Die Beratungsgespräche im Verlauf der Arbeits- und Lernprojekte bilden den Kern der Arbeit des Lernberaters. Sie können sowohl zu fest vereinbarten (regelmäßigen) Terminen stattfinden, als auch bedarfsorientiert vom Lernenden eingefordert werden. Die Gespräche dienen der Reflexion des Lernprozesses und der Überprüfung der Ziele. Die Teilziele werden mit dem Erreichten und Erfahrenen abgeglichen und ggf. abgeändert. Der bisherige Lernweg wird reflektiert und das Verhältnis von Aufwand zu Ertrag thematisiert. Am Ende jedes Beratungsgespräches wird ein Gesprächsfazit festgehalten, in dem das Ergebnis des Gesprächs und gegebenenfalls neue/ geänderte Zwischenziele schriftlich fixiert werden.

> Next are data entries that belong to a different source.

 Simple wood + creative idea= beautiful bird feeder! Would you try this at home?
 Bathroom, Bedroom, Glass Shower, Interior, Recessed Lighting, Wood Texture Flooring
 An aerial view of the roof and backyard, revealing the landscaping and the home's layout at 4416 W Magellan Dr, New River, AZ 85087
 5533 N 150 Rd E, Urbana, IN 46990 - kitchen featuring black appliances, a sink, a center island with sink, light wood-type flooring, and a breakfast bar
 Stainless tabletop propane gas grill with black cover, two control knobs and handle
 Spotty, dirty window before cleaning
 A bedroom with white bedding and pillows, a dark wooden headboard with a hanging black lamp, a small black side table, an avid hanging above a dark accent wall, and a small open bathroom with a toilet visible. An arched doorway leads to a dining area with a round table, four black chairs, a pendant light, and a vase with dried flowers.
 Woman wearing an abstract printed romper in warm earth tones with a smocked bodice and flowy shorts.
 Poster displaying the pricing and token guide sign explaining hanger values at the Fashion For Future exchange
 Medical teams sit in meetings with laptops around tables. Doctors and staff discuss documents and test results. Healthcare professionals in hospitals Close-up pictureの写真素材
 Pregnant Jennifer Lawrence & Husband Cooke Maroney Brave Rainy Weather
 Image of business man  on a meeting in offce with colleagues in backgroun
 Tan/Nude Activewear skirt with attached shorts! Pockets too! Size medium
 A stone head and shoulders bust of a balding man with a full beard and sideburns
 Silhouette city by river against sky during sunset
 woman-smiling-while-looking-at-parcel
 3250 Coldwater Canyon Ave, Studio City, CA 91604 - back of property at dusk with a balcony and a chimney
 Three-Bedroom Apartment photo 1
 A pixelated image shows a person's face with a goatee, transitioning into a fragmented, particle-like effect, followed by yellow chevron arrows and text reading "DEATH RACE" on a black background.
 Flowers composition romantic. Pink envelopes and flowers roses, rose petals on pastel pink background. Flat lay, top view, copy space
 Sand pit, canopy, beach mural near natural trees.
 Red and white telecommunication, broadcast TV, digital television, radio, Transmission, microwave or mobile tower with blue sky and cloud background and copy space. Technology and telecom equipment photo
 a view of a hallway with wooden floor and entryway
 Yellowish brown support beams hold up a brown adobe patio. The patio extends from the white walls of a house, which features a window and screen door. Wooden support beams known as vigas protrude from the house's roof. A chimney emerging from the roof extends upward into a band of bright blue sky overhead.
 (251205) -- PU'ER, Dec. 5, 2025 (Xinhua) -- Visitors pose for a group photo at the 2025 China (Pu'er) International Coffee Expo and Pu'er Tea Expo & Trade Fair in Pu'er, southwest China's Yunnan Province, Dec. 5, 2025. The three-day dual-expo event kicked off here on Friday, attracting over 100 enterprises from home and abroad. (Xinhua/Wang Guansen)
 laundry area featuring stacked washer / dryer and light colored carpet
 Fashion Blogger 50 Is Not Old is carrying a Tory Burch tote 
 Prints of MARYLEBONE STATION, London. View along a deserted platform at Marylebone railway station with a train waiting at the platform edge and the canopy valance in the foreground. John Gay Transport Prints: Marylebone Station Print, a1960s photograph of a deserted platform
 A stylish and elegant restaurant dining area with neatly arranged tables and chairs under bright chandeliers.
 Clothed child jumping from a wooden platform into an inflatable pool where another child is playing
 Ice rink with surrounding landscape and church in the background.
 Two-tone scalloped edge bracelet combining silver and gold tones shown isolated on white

Darüber hinaus unterstützt der Lernberater den Lernenden bei der Erstellung und Durchführung der Präsentation, die zum Abschluss eines Arbeits- und Lernprojektes stattfindet.

Abschlussgespräch

Im Abschlussgespräch findet ein Feedback über den gesamten Lernprozess statt. Hier reflektiert der Lernende den Lernprozess und dessen Ergebnis aus seiner Sicht, wobei der Lernberater seine Eindrücke ergänzend spiegelt. Außerdem gibt der Weiterbildungsteilnehmer ein Feedback zu der Beratungsleistung des Lernberaters.

Fazit

Die bisherige Erfahrung hat gezeigt, dass der Lernberater eine Schlüsselfunktion im Rahmen dieses Weiterbildungskonzeptes hat. Es hängt maßgeblich von seiner Kompetenz, Einstellung, Motivation und zeitlichen Kapazität ab, wie sich der Lernprozess gestaltet. Weitere Voraussetzung für ein Gelingen von arbeitsprozessorientierter Weiterbildung ist, dass die notwendigen Rahmenbedingungen innerhalb des Unternehmens geschaffen werden. Wichtig ist, sowohl die Zuständigkeiten und Verantwortlichkeiten zu klären als auch zeitliche Freiräume für Lernende und Berater zu schaffen.